Este Parlamento se parece más a la gente, ha dicho Íñigo Errejón. Y su eco se propaga por las tertulias con ese reverbero automático y ful con que las mejores intenciones cristalizan en tópicos vulgares. Que lo diga Errejón tiene lógica, porque como teórico del populismo debe esforzarse por instalar en la opinión pública esta sinécdoque: mis votantes son el pueblo, mis diputados la asamblea legítima. Al final de ese camino mil veces fatigado en el siglo XX siempre hay un demente que confunde su ansia de poder con la voluntad popular. Y a los lados yace un reguero de escrupulosos.
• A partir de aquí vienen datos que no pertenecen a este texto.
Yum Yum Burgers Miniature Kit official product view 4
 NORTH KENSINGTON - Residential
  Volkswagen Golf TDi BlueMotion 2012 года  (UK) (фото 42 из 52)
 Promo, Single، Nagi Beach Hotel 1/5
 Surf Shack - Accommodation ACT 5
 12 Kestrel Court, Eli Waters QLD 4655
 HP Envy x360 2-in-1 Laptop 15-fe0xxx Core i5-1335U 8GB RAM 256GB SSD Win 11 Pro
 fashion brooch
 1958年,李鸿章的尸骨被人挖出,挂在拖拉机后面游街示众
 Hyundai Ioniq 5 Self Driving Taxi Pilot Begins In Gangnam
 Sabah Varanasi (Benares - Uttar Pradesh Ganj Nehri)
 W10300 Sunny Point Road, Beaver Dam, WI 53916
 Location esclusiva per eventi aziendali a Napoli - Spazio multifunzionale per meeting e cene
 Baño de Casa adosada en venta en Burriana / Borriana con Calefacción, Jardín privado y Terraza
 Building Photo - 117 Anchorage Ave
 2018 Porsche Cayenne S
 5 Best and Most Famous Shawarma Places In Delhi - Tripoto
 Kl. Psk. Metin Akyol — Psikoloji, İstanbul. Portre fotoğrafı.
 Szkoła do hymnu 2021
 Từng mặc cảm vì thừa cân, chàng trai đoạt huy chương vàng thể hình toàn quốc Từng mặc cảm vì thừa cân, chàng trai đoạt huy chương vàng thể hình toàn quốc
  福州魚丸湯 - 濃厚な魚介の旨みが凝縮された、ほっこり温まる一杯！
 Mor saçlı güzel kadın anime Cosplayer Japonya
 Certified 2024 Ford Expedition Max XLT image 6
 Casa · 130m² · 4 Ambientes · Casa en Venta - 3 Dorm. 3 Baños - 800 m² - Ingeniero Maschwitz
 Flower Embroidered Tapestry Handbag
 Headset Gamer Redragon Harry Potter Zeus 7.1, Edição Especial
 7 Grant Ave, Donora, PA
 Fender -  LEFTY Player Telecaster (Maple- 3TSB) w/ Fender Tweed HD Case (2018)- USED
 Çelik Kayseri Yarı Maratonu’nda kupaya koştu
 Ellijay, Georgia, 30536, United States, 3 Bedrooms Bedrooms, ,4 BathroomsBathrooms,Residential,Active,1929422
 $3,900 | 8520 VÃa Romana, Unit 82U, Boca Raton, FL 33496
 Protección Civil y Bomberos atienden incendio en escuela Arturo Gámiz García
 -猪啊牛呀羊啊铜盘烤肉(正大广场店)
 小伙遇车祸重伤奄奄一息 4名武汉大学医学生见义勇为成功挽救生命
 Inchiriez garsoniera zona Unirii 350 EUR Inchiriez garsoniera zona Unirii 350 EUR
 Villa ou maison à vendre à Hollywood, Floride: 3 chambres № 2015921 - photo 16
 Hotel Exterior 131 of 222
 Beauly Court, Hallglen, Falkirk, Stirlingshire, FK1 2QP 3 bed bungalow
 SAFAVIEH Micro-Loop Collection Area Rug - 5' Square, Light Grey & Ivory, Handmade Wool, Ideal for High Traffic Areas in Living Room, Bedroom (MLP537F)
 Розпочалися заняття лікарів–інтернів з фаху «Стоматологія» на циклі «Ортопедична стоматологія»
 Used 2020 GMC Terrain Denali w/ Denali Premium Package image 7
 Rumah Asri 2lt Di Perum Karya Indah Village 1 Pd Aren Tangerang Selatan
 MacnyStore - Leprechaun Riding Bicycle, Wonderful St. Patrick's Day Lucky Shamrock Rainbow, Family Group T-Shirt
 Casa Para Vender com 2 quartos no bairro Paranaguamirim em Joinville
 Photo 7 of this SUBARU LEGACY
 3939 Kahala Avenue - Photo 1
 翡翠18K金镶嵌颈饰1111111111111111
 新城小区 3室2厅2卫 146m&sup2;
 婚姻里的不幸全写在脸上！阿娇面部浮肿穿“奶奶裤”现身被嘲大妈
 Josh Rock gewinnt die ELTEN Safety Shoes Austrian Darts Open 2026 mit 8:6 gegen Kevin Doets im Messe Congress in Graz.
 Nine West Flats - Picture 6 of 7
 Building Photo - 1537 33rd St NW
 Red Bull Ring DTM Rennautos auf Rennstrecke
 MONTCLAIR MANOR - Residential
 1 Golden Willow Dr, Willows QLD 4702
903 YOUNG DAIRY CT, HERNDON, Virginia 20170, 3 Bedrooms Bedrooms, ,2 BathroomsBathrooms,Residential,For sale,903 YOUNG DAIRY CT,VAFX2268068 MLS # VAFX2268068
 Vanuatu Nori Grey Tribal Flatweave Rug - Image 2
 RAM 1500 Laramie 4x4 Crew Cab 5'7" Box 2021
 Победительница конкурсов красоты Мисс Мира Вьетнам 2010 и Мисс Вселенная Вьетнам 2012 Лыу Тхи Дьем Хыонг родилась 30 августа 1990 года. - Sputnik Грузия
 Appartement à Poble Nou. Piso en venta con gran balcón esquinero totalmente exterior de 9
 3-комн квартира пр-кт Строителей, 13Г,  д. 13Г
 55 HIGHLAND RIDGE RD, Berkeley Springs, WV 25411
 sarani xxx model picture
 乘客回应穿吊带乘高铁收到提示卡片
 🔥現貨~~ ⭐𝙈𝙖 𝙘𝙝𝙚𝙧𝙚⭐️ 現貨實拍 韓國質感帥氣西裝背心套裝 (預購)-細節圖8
Para que esa perversión poética de la lógica que es la sinécdoque allane el camino del despotismo, es importante que la anécdota suplante sistemáticamente a la categoría. El desaliño indumentario, la toma de un bebé o la negritud de una diputada son tratados por el populismo no como lo que son, circunstancias de la condición humana, sino como la sustancia del debate político. El mecanismo de la propaganda opera como un sombrero de prestidigitador donde entra un hecho y sale un eslogan. Según ese birlibirloque, un mayor pintoresquismo implica una mayor representatividad.